Quel est le risque que Zachée regrette cet accès de largesse, le don aux pauvres de la moitié de ses biens ? Quel est le risque, une fois Jésus parti, que Zachée revienne à son état d’esprit antérieur, regrette ces biens qu’il a eu tant de mal à amasser ? Cela ne vous est-il jamais arrivé de donner – et regretter ? Ma grand-mère, dont je suis allé voir la tombe cette semaine, quand elle était petit enfant, avait donné son ‘petit cochon rose’, une peluche à une autre enfant plus pauvre qu’elle.
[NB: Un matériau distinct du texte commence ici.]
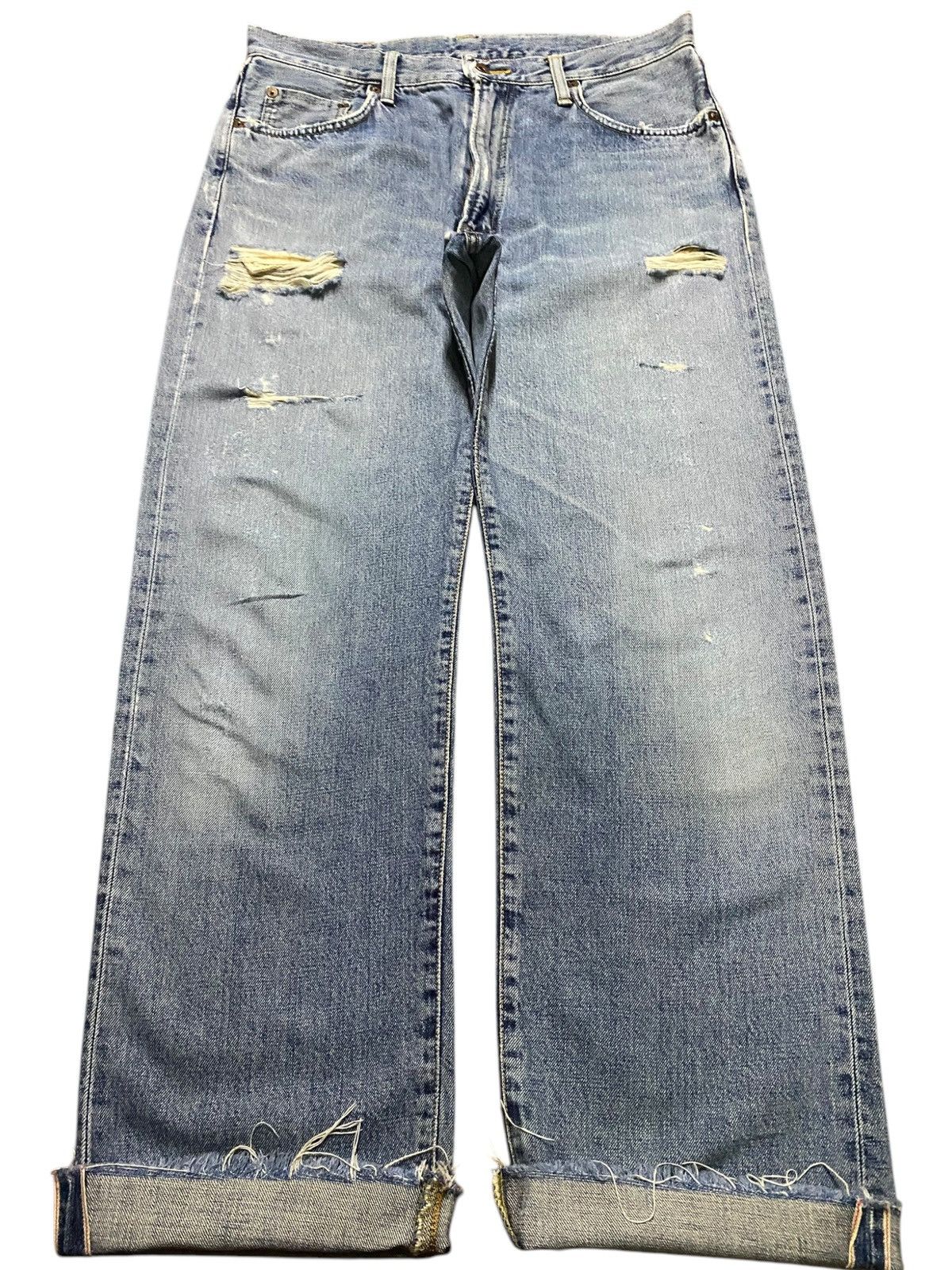 Edwin Japan Edwin Selvedge 505xx Light Wash Distressed Baggy Jeans Size US 33 - 1 Thumbnail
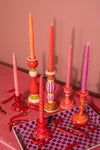 'Sunrise' Set of Six Twisted Dinner Candles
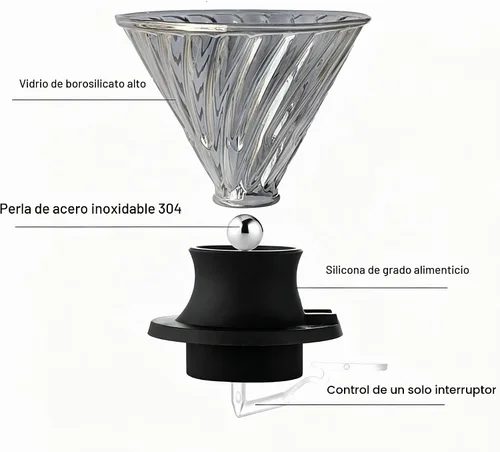Vista 5 de BeeCa Clever - Gotero de café todo en uno, cafetera de inmersión de vidrio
Et toute sa vie elle a pleuré ce petit cochon rose. Pensez à ces résolutions qui nous semblent évidentes quand nous sommes face à Dieu, et qui disparaissent quand nous retournons dans le monde. « Que te ferai-je, Ephraïm ? Que te ferai-je, Juda ? Car ton amour est comme la rosée du matin, qui tôt se dissipe » (Os 6, 4).

Dans le cas de Zachée, le risque est faible parce qu’il ne s’agit pas d’un acte de charité mais de justice : il s’agit d’une réparation, un remboursement. Ses biens étaient malhonnêtement acquis. Je l’ai rappelé dimanche dernier à propos de la parabole du pharisien et du publicain : les publicains étaient des voleurs, dans la collecte des impôts comme dans leurs pratiques usurières. Et Zachée, chef des collecteurs d’impôts, était le chef des voleurs. « Si j’ai fait du tort à quelqu’un » dit-il : de sa part, on ne sait pas si c’est de l’inconscience ou de la provocation. « Si j’ai fait du tort à quelqu’un » ! Admirez la patience et l’indulgence de Jésus.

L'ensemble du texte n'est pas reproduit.